Items listed in a dataset:
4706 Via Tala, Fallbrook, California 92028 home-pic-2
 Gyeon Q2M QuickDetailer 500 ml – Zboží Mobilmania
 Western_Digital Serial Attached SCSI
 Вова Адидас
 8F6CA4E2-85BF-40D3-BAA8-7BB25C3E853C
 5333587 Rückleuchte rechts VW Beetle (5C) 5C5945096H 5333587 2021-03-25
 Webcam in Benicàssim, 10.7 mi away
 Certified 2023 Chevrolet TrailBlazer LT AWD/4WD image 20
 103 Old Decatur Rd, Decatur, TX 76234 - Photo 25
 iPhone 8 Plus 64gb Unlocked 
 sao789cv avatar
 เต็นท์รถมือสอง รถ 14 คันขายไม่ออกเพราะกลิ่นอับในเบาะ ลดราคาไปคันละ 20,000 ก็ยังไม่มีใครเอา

▸ Your instructions:
In the answer, return exactly the lines from the line containing "Gyeon Q2M QuickDetailer" to the end of the records above, and no others.

▸ Written solution:
 Gyeon Q2M QuickDetailer 500 ml – Zboží Mobilmania
 Western_Digital Serial Attached SCSI
 Вова Адидас
 8F6CA4E2-85BF-40D3-BAA8-7BB25C3E853C
 5333587 Rückleuchte rechts VW Beetle (5C) 5C5945096H 5333587 2021-03-25
 Webcam in Benicàssim, 10.7 mi away
 Certified 2023 Chevrolet TrailBlazer LT AWD/4WD image 20
 103 Old Decatur Rd, Decatur, TX 76234 - Photo 25
 iPhone 8 Plus 64gb Unlocked 
 sao789cv avatar
 เต็นท์รถมือสอง รถ 14 คันขายไม่ออกเพราะกลิ่นอับในเบาะ ลดราคาไปคันละ 20,000 ก็ยังไม่มีใครเอา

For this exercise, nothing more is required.